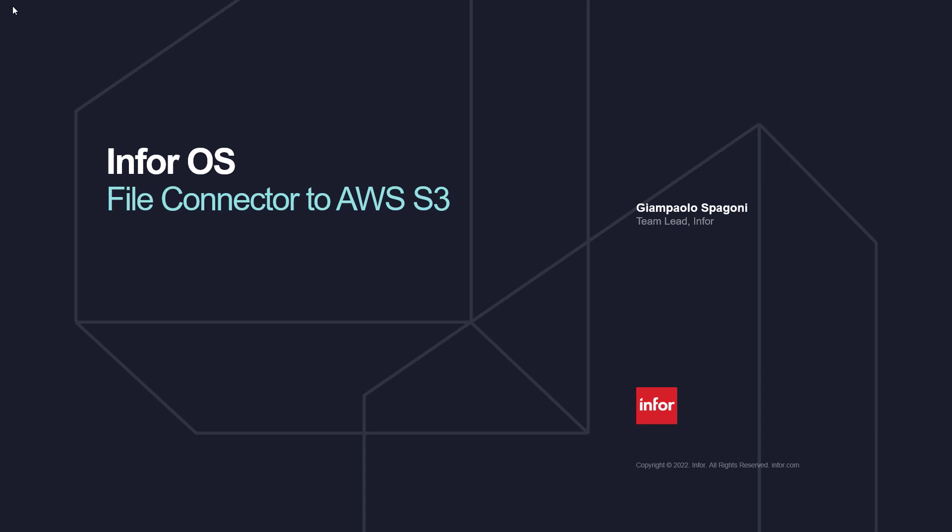Hello and welcome. In this video, we will go through how to send a file from localhost to AWS S3 buckets using Infor.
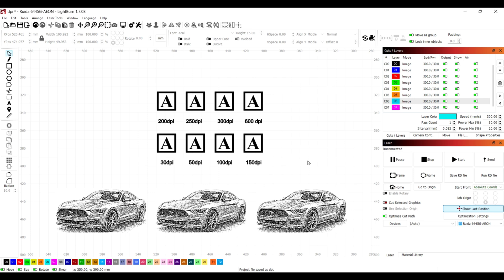Hey folks, welcome back to the channel. Today we're going to be discussing DPI and how it can affect your engravings. It can speed up processes and overall just improve your timescales and how quick things can go.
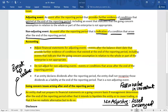Another issue concerns the declaration of dividends after the reporting period. If an entity declares dividends after the reporting period, it shall not recognize those dividends as a liability at the end of the reporting period, because dividend declarations after the reporting date are classified as non-adjusting events.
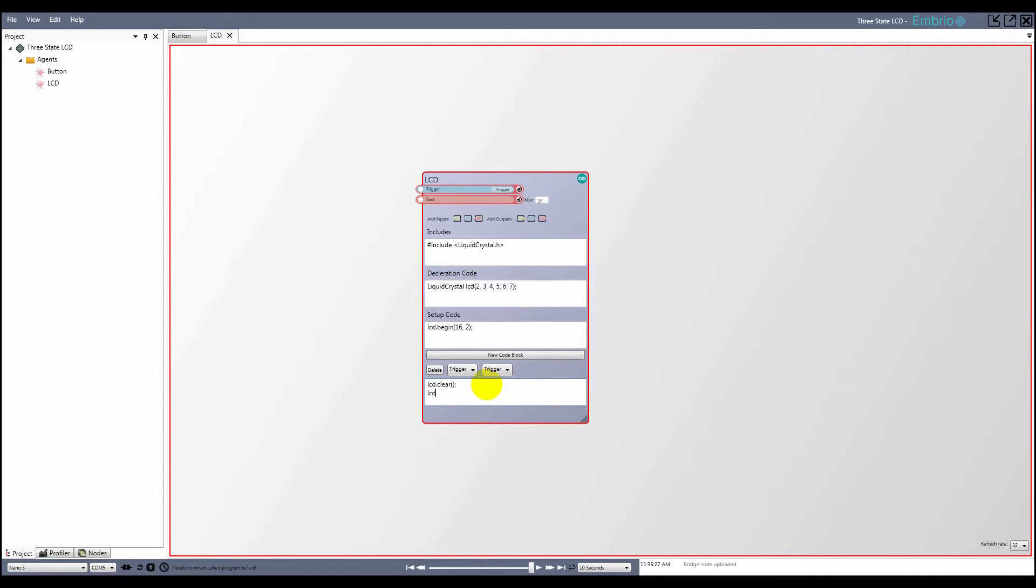To use the value of the text input, I first type input underscore, then the name of the text input without spaces. So in this case, input underscore text.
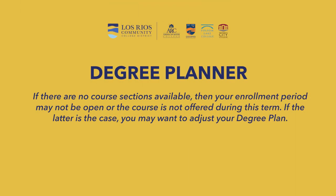If there are no course sections available, then your enrollment period may not be open or the course is not offered during this term. If the latter is the case, you may want to adjust your degree plan.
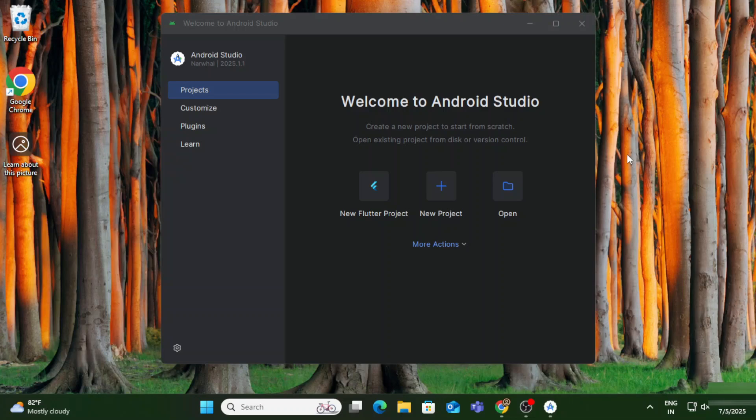Hey guys, welcome back to my channel. In this video I will be explaining Android Studio — what options we have, what different files are created, how to create and run your AVD, and all the information about Android Studio. It's all about the tour of Android Studio, so let's start the video. Here I have started my latest Android Studio.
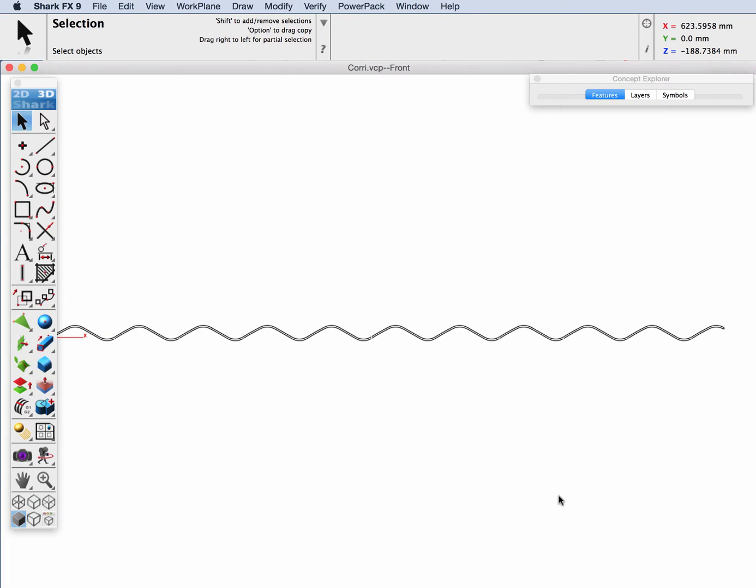Hi all, this is Tim Olson. In today's demonstration we're going to show the repair profile tool inside of PowerPack.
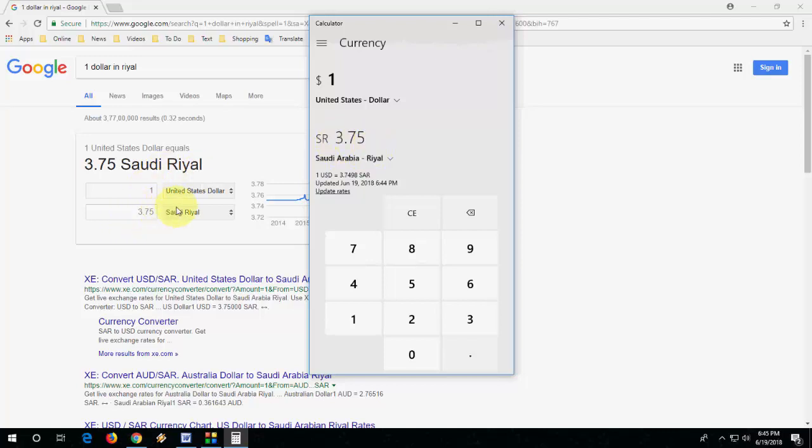So this is the easiest way to convert your currency with live rate updates. You should have an internet connection to update your rate.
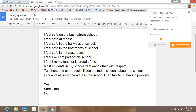Today I'm going to show you how you can easily create and distribute a survey to your students. You can also use this method to survey your staff members, parents, community members, or anyone you're interested in surveying.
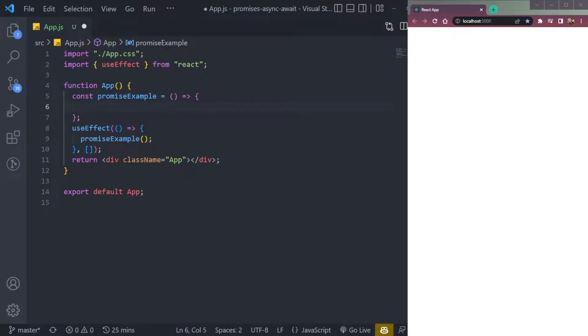Hey guys, I am Ishan and welcome to Cybernatico. In this video, let's learn about promises and async/await in React and how to implement them.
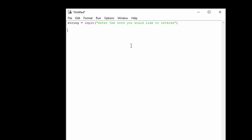I'm going to create a function, I'm going to call this reverse, and this is just going to be what reverses it and we're going to pass it that string.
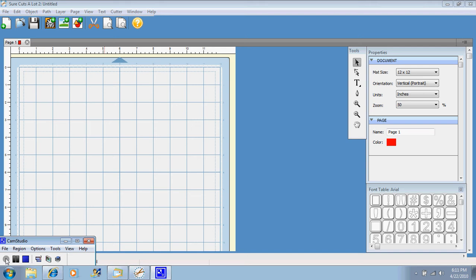Then you are able to cut any free font you can find on the internet, any SVG file, and an SVG file is an image that somebody has traced and then saved it as an SVG and that SVG is now compatible with the Sure Cuts A Lot program.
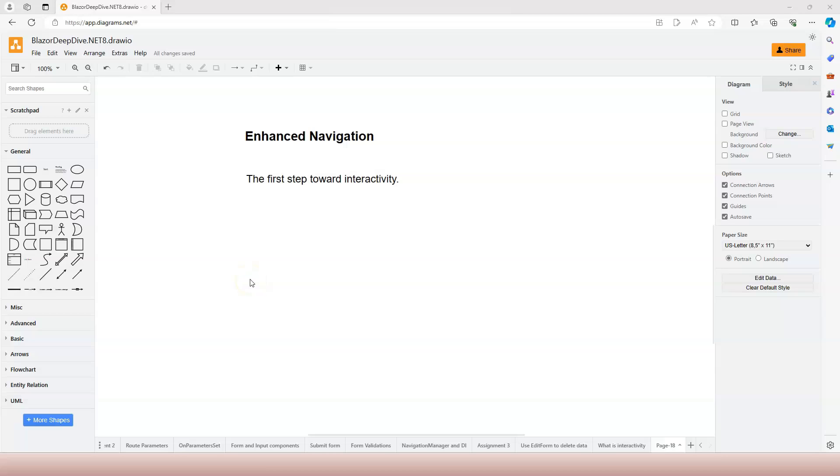In this video, we're going to learn about enhanced navigation. Enhanced navigation is actually the first step toward making applications interactive, and it is actually enabled by default.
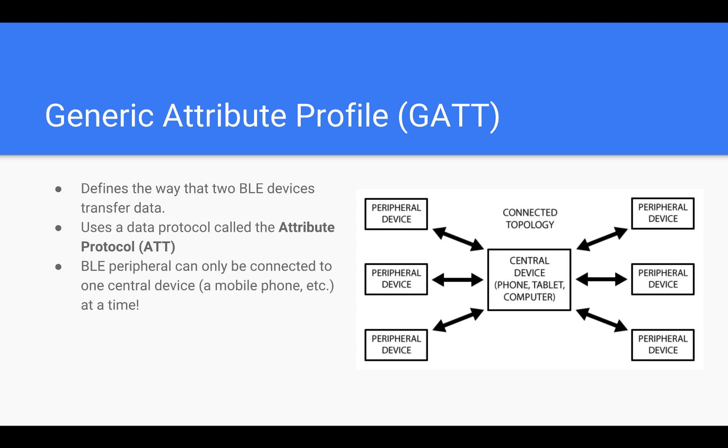Like a mobile phone, for example. As soon as a peripheral connects to a central device, it will stop advertising itself and other devices will no longer be able to see it or connect to it until the existing connection is broken.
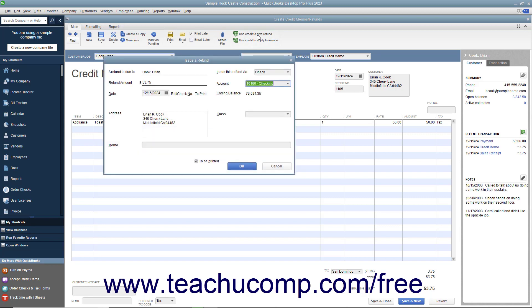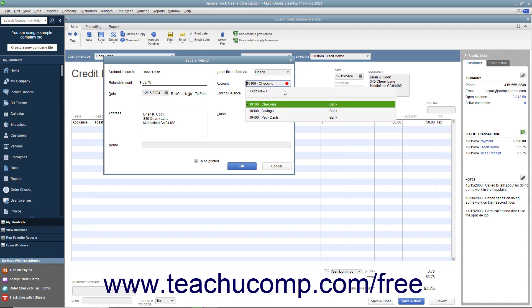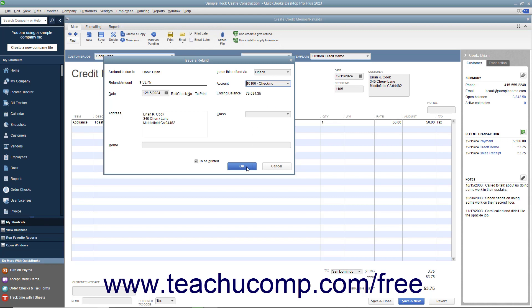Within the window that appears, select the account used to withdraw funds for the refund check and enter any other information needed for the refund into the fields shown. Then click the OK button to continue.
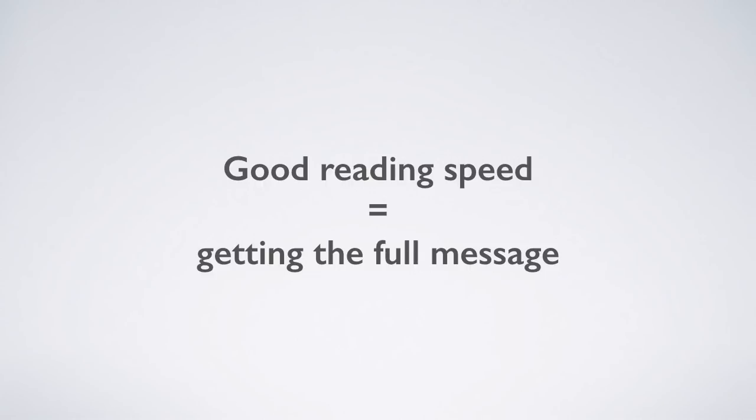And thankfully, that new info box in Amara helps you see when the reading speed goes above the 21 characters per second limit, and thus, it shows you where you can help the viewer in following the talk.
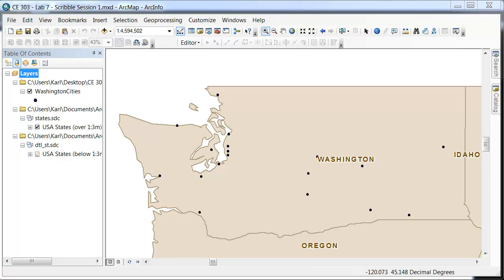In this tutorial, I'd like to show you how to add attribute data to a current shapefile. In this case, we have the Washington Cities file. This was imported from Excel, and then we exported it as a shapefile.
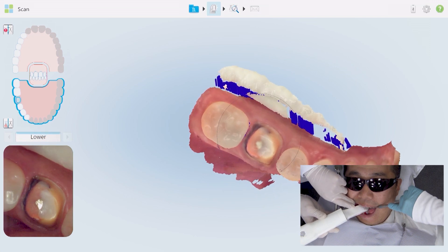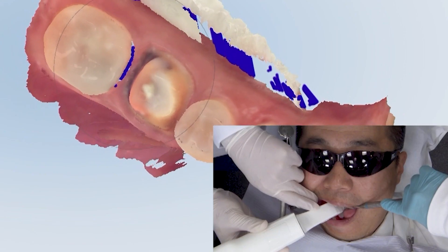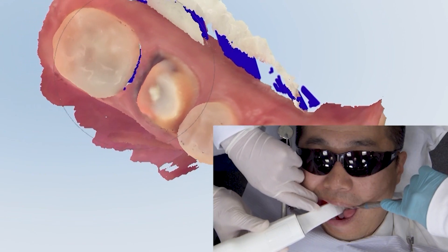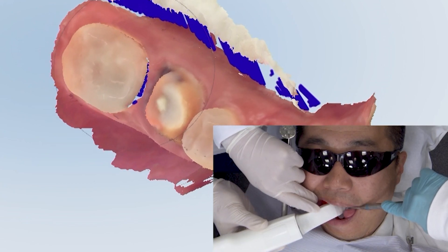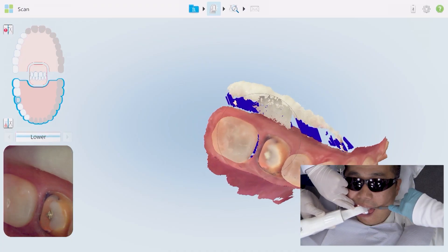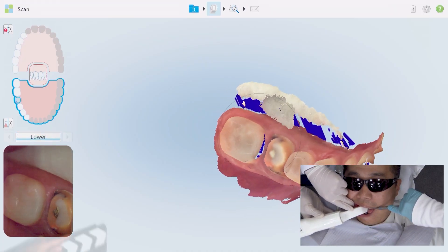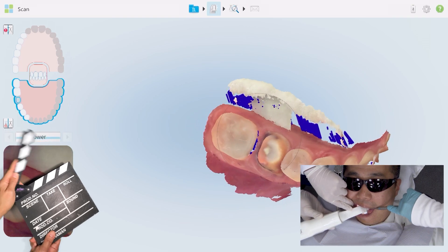As the body rotates out on the buccal side, I'll rotate the camera, the head of the camera, to allow the light source to come into contact with that undercut.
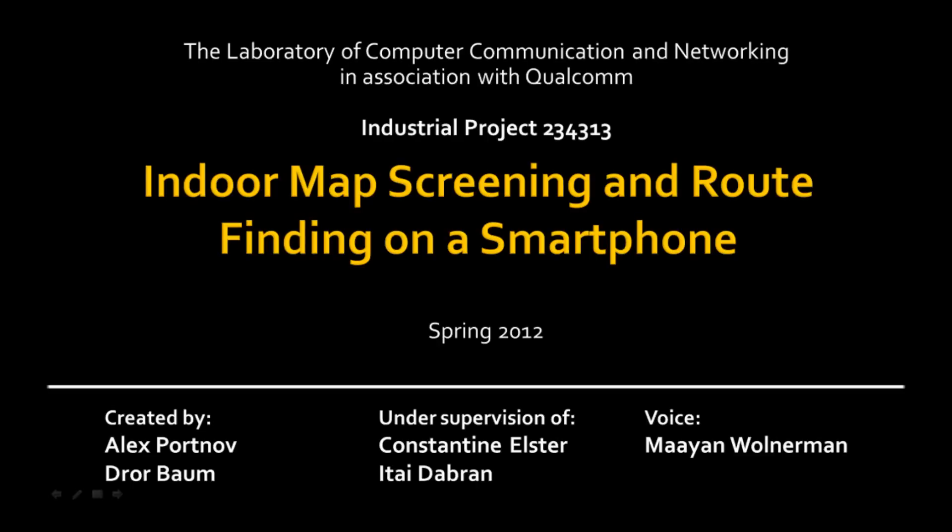Indoor mapping is a client-server application. It gives you the best path on indoor blueprints from a start point to an end point.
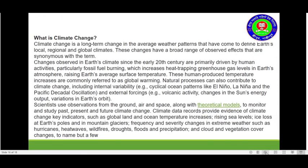Here is another context for you. What is climate change? You have to know better what climate change is. Read this context carefully.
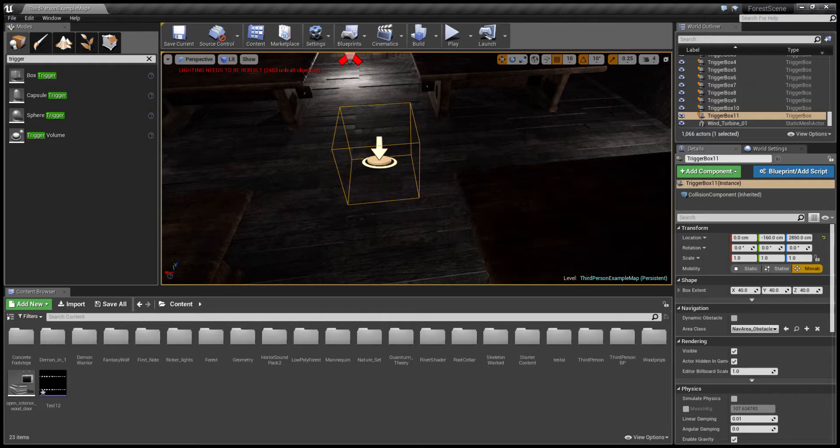The first thing you want to do is go on your web browser and download Audacity. It should be a free download, I'll provide a link in my description. Get that up and running and make sure you have a microphone.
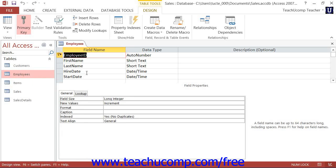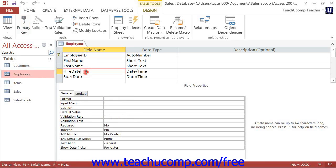Then click into the field name column of the field whose name you wish to change. Type a new name for the field.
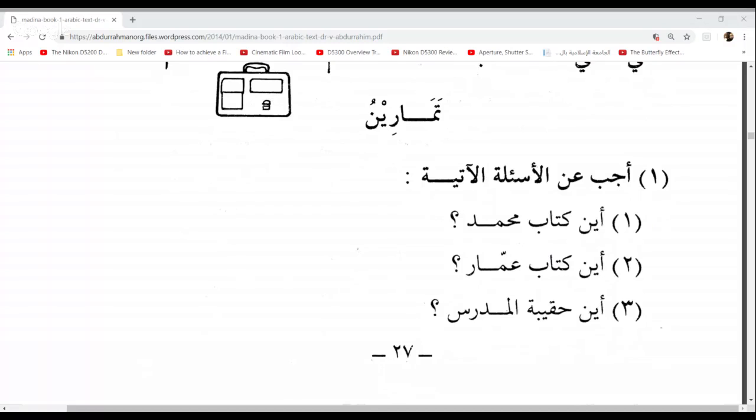Latifa, your turn. Aina kitabu Ammarin? — Where is the book of Ammar? Huwa ala maktabil mudarrisi — it is on the teacher's desk. In the text it says Daftaru Ammarin, which we translated to mean a notebook. The question asks where is Ammar's book, but there's nothing in the text indicating Ammar has a book and not a notebook. Anyway, the most important thing is that we've understood everything grammatically. Very well done, Latifa.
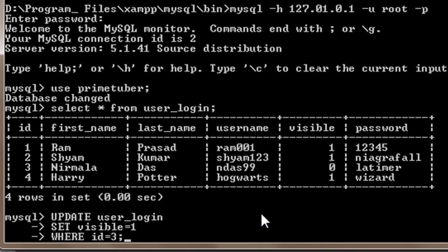What this will do is basically it will update the value of visible to 1 when id equals 3.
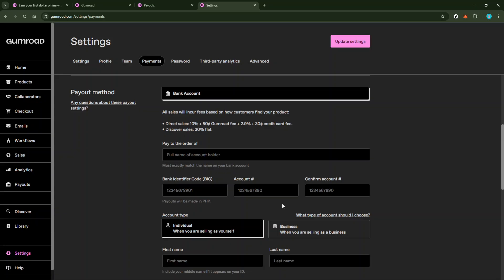Ensuring your payout settings are properly linked means your transactions from Gumroad can seamlessly flow into your chosen account, which is crucial for maintaining your business operations.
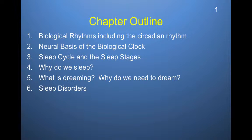In this chapter, we'll be discussing biological rhythms, including the circadian rhythm, the neural basis of the biological clock, the sleep cycle, and the sleep stages. We'll also be chatting about why we sleep, what dreaming is and why we need to dream, theories as to why we need to dream, and we'll end with sleep disorders.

______

## Problem requirements
Everything from the first line of the records through the line containing "Hey folks, welcome" should be repeated exactly, with the pictures left out.

## Worked solution
Hello and welcome. In this video, we will go through how to send a file from localhost to AWS S3 buckets using Infor.
Hey folks, welcome back to the channel. Today we're going to be discussing DPI and how it can affect your engravings. It can speed up processes and overall just improve your timescales and how quick things can go.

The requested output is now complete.